Bad Speculation (Back-End Bound Pipeline
Slots)
Metric Description
Superscalar processors can be conceptually divided
into the 'front-end', where instructions are fetched and decoded into the
operations that constitute them; and the 'back-end', where the required
computation is performed. Each cycle, the front-end generates up to four of
these operations placed into pipeline slots that then move through the
back-end. Thus, for a given execution duration in clock cycles, it is easy to
determine the maximum number of pipeline slots containing useful work that can
be retired in that duration. The actual number of retired pipeline slots
containing useful work, though, rarely equals this maximum. This can be due to
several factors: some pipeline slots cannot be filled with useful work, either
because the front-end could not fetch or decode instructions in time
('Front-end bound' execution) or because the back-end was not prepared to
accept more operations of a certain kind ('Back-end bound' execution).

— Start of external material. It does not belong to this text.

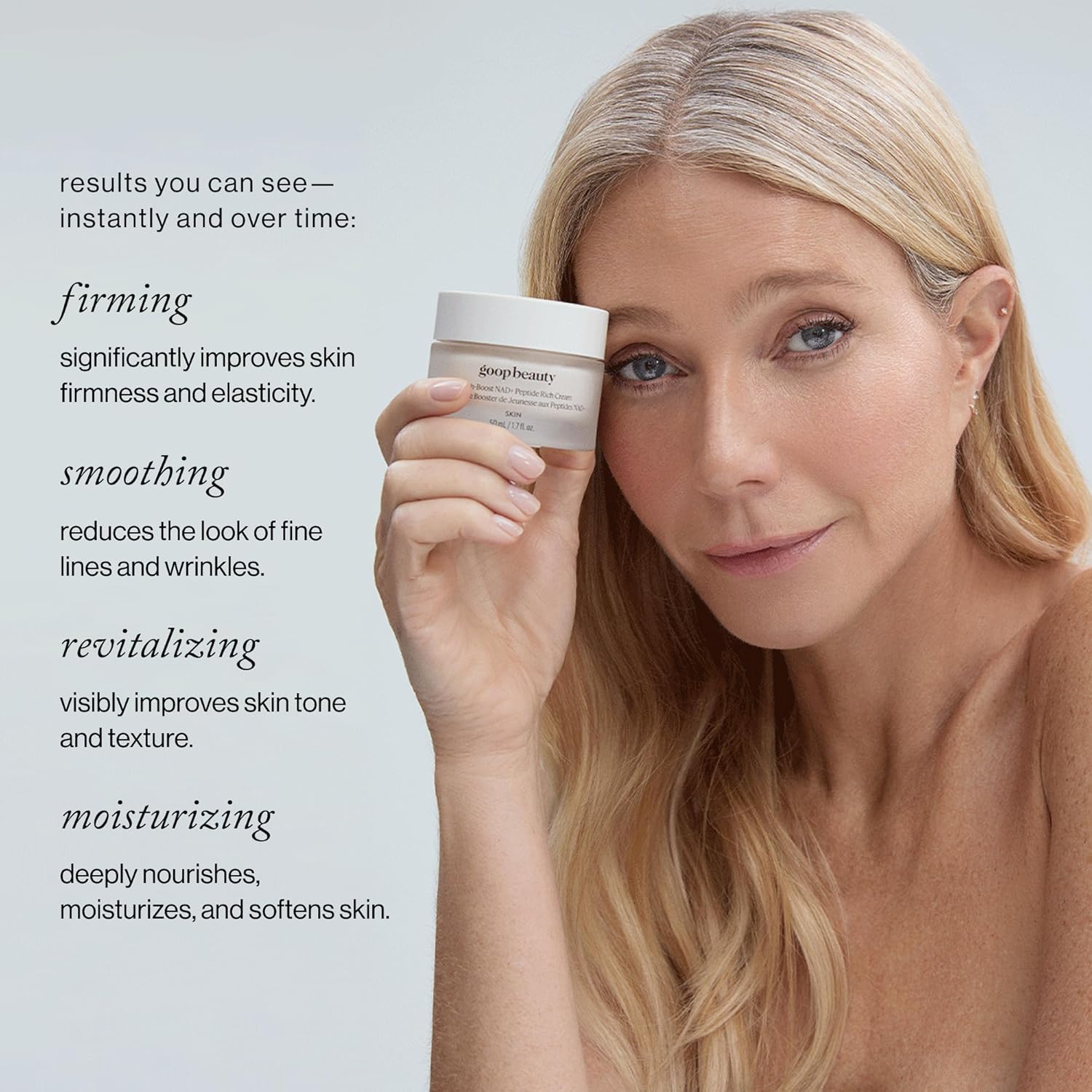 goop Beauty Youth-Boost NAD+ Peptide Rich Cream | Face Moisturizer for Aging Skin | Peptides, Ceramides, & NMN | Fine Lines & Wrinkles Treatment | 1.7 fl oz - Image 2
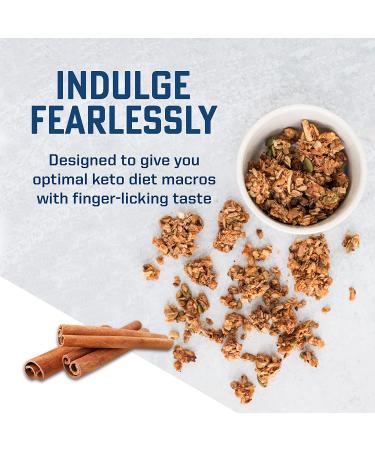Keto Granola High Protein Snack Pack of 2 - Maple Cinnamon Crunch (9oz) | Coconut Seeds & Nuts | 2g Net Carbs | Gluten & Grain-Free | Kosher | Contains Nuts by B. Fine Foods - Buy Online on GoSupps.com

Moreover, even pipeline slots that do contain useful work may not retire due to
bad speculation. Front-end bound execution may be due to a large code working
set, poor code layout, or microcode assists. Back-end bound execution may be
due to long-latency operations or other contention for execution resources. Bad
speculation is most frequently due to branch misprediction.
Possible Issues
A significant proportion of pipeline slots are remaining empty. When
operations take too long in the back-end, they introduce bubbles in the
pipeline that ultimately cause fewer pipeline slots containing useful work to
be retired per cycle than the machine is capable of supporting. This
opportunity cost results in slower execution. Long-latency operations like
divides and memory operations can cause this, as can too many operations being
directed to a single execution port (for example, more multiply operations
arriving in the back-end per cycle than the execution unit can support).